WORK TO BE COMPLETED: The lines needed run from the one that contains "廣州華立學院2023年專升本自命題考試準考證打印通知(圖1)" through the end of the material below, both included; write them out exactly, with no pictures.

SUPPLIED INFORMATION:
◇ ◇ ◇

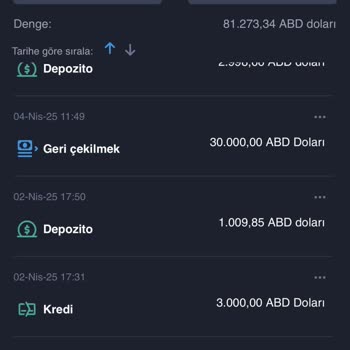 Saranya Investing Platformunda Para Çekim Sorunu Ve Güven Eksikliği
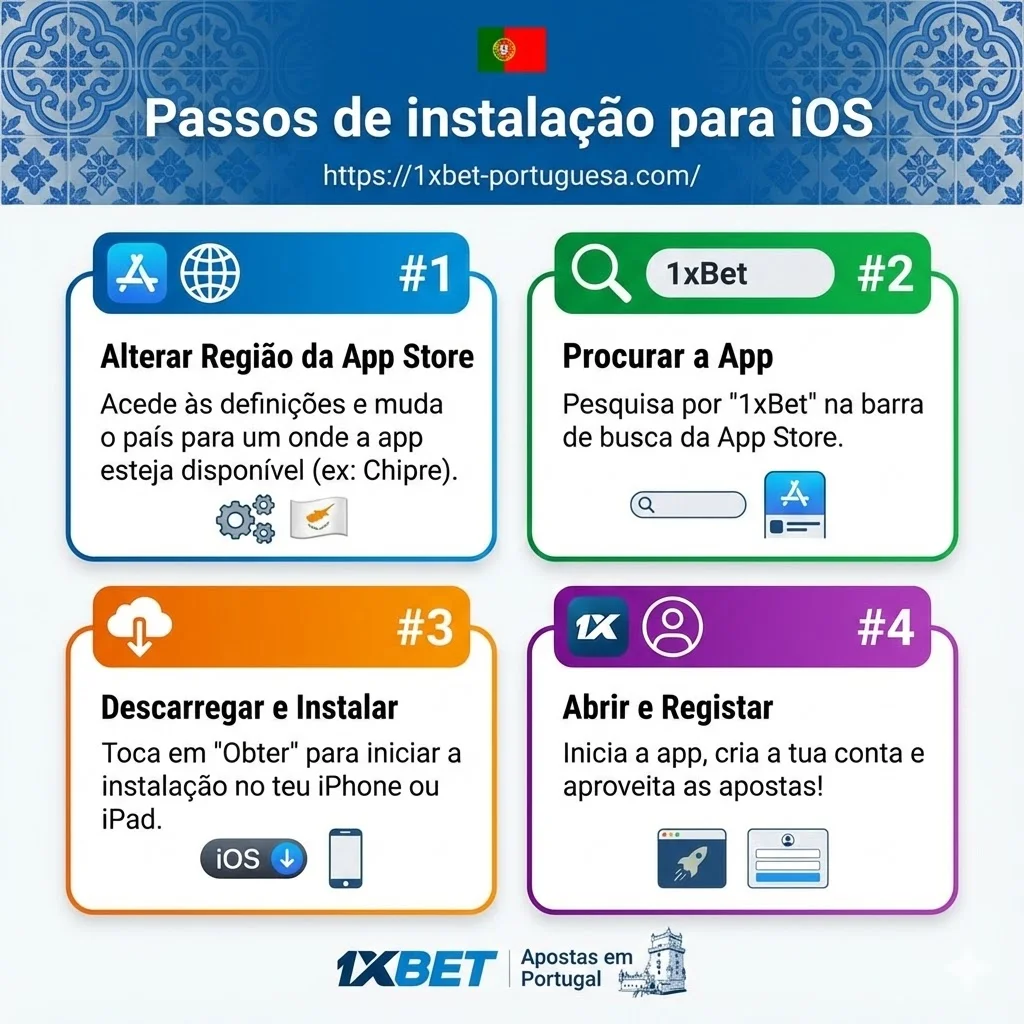 Passos de instalação para iOS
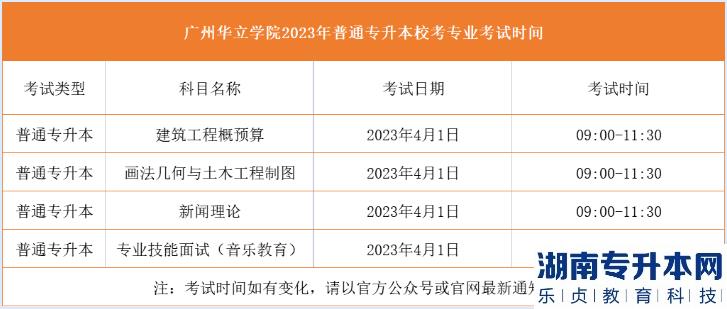 廣州華立學院2023年專升本自命題考試準考證打印通知(圖1)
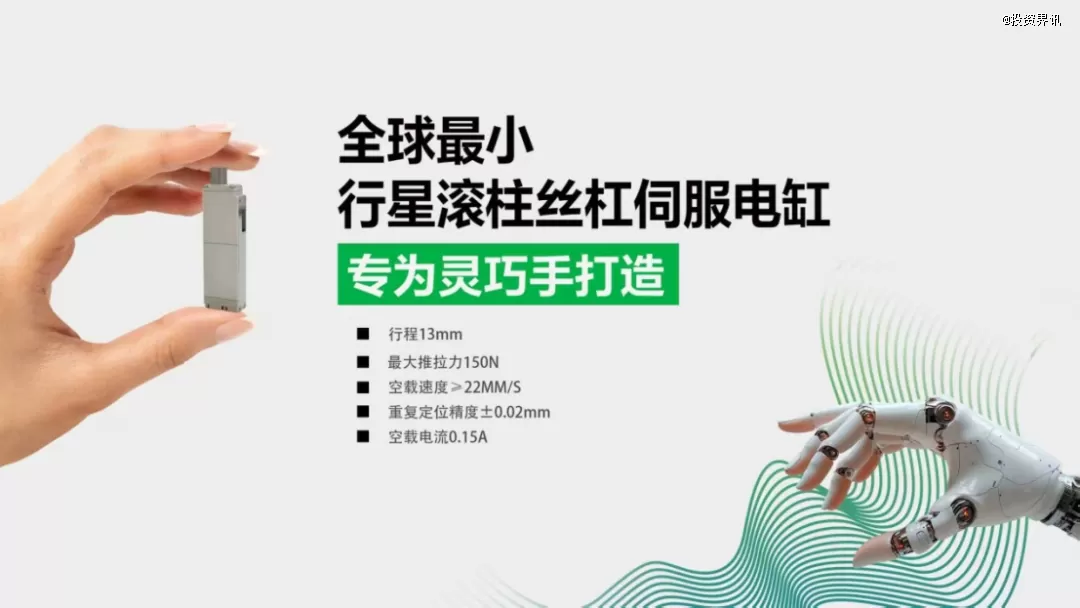 全球最小行星滚柱丝杠伺服电缸（图源/企业）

◇ ◇ ◇

RESPONSE BOX:
 廣州華立學院2023年專升本自命題考試準考證打印通知(圖1)
 全球最小行星滚柱丝杠伺服电缸（图源/企业）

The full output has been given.